In the FIG. 5 illustration, the dotted lines are used to show guide 110 on an opposite side of outer surface 104A of transmitter housing 104. FIG. 5 depicts an unwanted magnetic foreign object 214 adhered to outer surface 104A of transmitter housing 104 by attraction to the permanent magnet of the transmitter magnet system. As the magnet of transmitter magnetic system rotates in clockwise direction 213, the corresponding transmitter magnetic field also rotates and foreign object 214 moves (e.g. by magnetic interaction with the moving transmitter magnetic field) around outer surface 104A of housing 104 (e.g. in a circular manner where transmitter housing 104A has the illustrated cylindrical shape) until foreign object 214 encounters guide 110 (or more particularly, a guide surface 110A of guide 110). As the transmitter magnet continues to rotate about transmitter axis 103 and relative to transmitter housing 104, the helical or screw type pattern of guide 110 and its guide surface 110A directs or forces foreign object 214 in direction 217 (rightward in the illustrated FIG. 5 view). Guide 110 can be shaped to direct object 214 into a suitably located receptacle (not shown) or channel or safe location until object 214 can be removed (e.g. during a routine maintenance operation). It is not a requirement that the helical shape of guide 110 comprise any number of wraps around transmitter axis 103. In some embodiments, the helical shape of guide 110 comprises greater than or equal to two wraps around transmitter axis 103. In some embodiments, the helical shape of guide 110 comprises greater than or equal to three wraps around transmitter axis 103. In some embodiments, the helical shape of guide 110 comprises fewer than one full wrap around transmitter axis 103.

FIG. 6 depicts a WPT transmitter 402 of a WPT system 400 according to a particular embodiment.
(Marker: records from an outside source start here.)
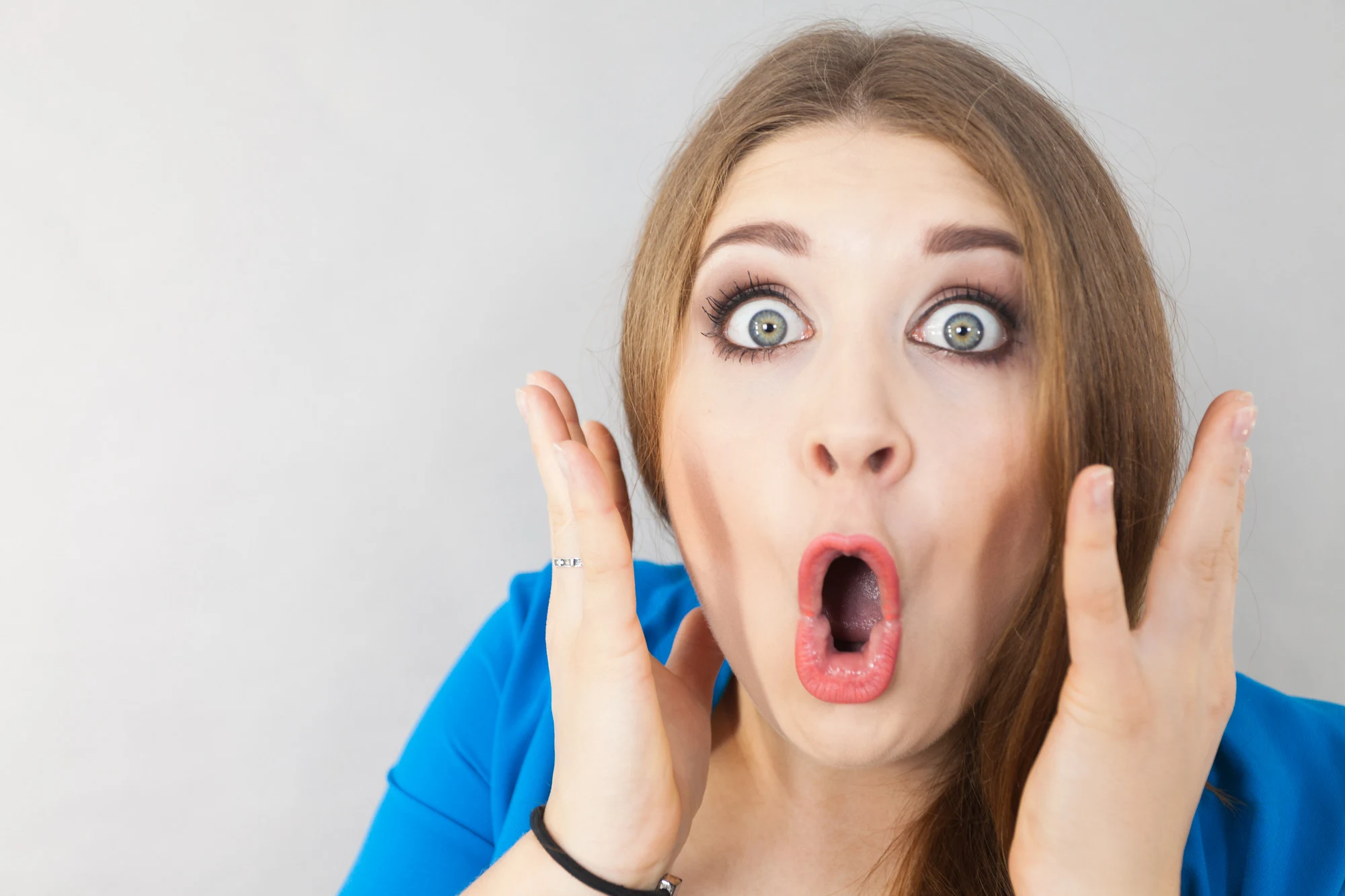 Close up on funny woman expression. Female lady being surprised shocked having wide opened eyes.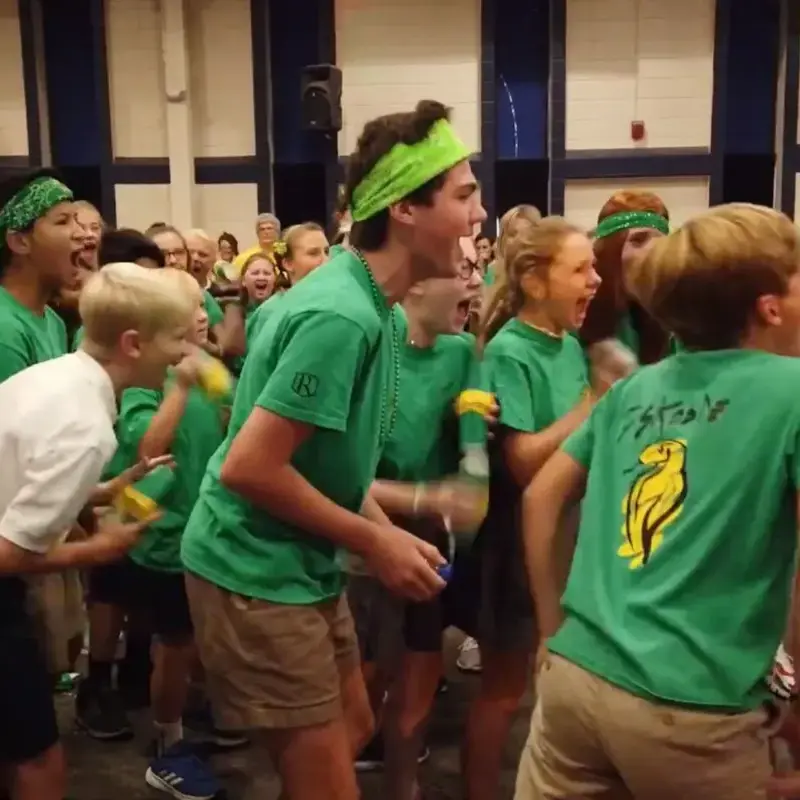 Students enthusiastically cheering and celebrating together during a school spirit event.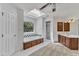 Bright bathroom with a soaking tub, separate shower, and a skylight for natural illumination at 8022 Hogan Dr, Wake Forest, NC 27587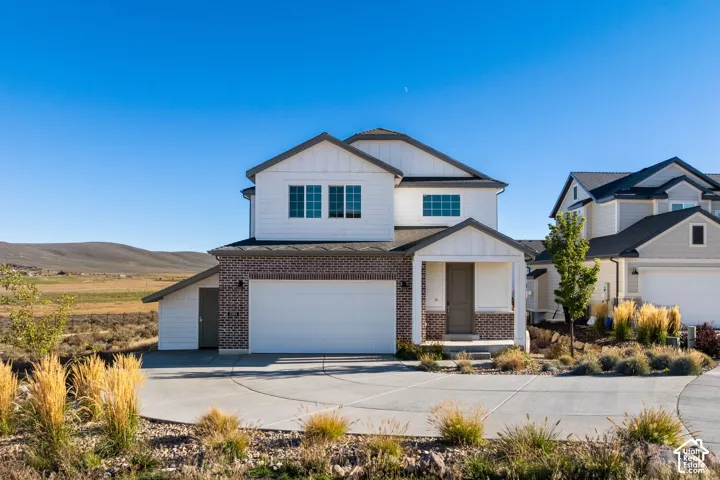 Two-story residence featuring white horizontal siding, a brick facade, a concrete driveway, a covered front entryway, and a mountainous backdrop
It will be appreciated from the discussion that follows that the operation of a WPT receiver having features similar to WPT transmitter 402 may be substantially similar to that of WPT transmitter 402 shown in FIG. 6 and described herein. Like the above-discussed WPT transmitters, WPT transmitter 402 comprises a transmitter housing 404 with an outer surface 404 comprising a guide 410. In the FIG. 6 embodiment, it is assumed that WPT transmitter 402 comprises a transmitter magnetic system which comprises a permanent magnet (not shown) rotating about transmitter axis 403 in a counterclockwise direction 212, causing a corresponding counterclockwise rotation of the transmitter magnetic field about transmitter axis 403. The FIG. 6 transmitter 402 is different than transmitter 102 described above in that the guide 410 of transmitter 402 has a different shape than guide 110 of transmitter 102. In particular, guide 410 of the FIG. 6 embodiment comprises a double-helical shape having guide component 412 and guide component 411, which may be broken where guide component 411 crosses guide component 412. The breaks in guide component 411 provide small spaces through which metal-containing debris can pass. In the FIG. 6 illustration, the dotted lines are used to show guide 410 on an opposite side of outer surface 404A of transmitter housing 404.
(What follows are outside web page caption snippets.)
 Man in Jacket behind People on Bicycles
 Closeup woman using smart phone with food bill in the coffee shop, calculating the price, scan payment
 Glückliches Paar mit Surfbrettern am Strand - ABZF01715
FIG. 6 depicts an unwanted magnetic foreign object 214 adhered to outer surface 404A of transmitter housing 404 by attraction to the permanent magnet of the transmitter magnet system. As the magnet of transmitter magnetic system rotates in counterclockwise direction 212, the corresponding transmitter magnetic field also rotates and foreign object 214 moves (e.g. by magnetic interaction with the moving transmitter magnetic field) around outer surface 404A of housing 404 (e.g. in a circular manner where transmitter housing 404A has the illustrated cylindrical shape) until foreign object 214 encounters guide 410 (or more particularly, a guide surface of guide 410). As the transmitter magnet continues to rotate about transmitter axis 403 and relative to transmitter housing 404, the helical or screw type pattern of guide 410 and its guide surface 410A directs or forces foreign object 214 in direction 216 (leftward in the illustrated FIG. 6 view). Guide 410 can be shaped to direct object 214 into a suitably located receptacle (not shown) or channel or safe location until object 214 can be removed (e.g. during a routine maintenance operation). It is not a requirement that the double-helical shape of guide 410 comprise any number of wraps around transmitter axis 403. In some embodiments, the helical shape of each guide component 411, 412 comprises greater than or equal to two wraps around transmitter axis 403. In some embodiments, the helical shape of each guide component 411, 412 comprises greater than or equal to three wraps around transmitter axis 403. In some embodiments, the helical shape of each guide component 411, 412 comprises fewer than one full wrap around transmitter axis 403.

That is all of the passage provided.